SOURCE MATERIAL -
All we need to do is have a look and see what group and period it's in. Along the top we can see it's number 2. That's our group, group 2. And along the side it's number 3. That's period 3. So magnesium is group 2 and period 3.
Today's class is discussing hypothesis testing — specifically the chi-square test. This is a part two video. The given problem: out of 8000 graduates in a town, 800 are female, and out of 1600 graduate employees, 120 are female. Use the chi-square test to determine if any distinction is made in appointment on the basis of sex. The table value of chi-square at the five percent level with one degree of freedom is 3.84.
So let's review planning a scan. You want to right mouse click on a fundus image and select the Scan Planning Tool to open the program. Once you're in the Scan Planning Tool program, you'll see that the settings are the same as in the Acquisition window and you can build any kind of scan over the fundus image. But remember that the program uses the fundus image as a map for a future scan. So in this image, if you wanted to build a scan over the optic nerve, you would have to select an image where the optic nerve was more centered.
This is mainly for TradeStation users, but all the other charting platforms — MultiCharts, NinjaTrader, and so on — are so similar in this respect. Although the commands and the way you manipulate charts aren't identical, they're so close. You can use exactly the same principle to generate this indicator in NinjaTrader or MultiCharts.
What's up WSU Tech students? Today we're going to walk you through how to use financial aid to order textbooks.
==
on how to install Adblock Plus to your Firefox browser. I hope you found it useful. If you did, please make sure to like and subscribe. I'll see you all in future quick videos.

EXERCISE INSTRUCTIONS -
The answer must be every line from the records above that contains the word "same", copied in full.

SOLUTION TO THE PROBLEM -
So let's review planning a scan. You want to right mouse click on a fundus image and select the Scan Planning Tool to open the program. Once you're in the Scan Planning Tool program, you'll see that the settings are the same as in the Acquisition window and you can build any kind of scan over the fundus image. But remember that the program uses the fundus image as a map for a future scan. So in this image, if you wanted to build a scan over the optic nerve, you would have to select an image where the optic nerve was more centered.
This is mainly for TradeStation users, but all the other charting platforms — MultiCharts, NinjaTrader, and so on — are so similar in this respect. Although the commands and the way you manipulate charts aren't identical, they're so close. You can use exactly the same principle to generate this indicator in NinjaTrader or MultiCharts.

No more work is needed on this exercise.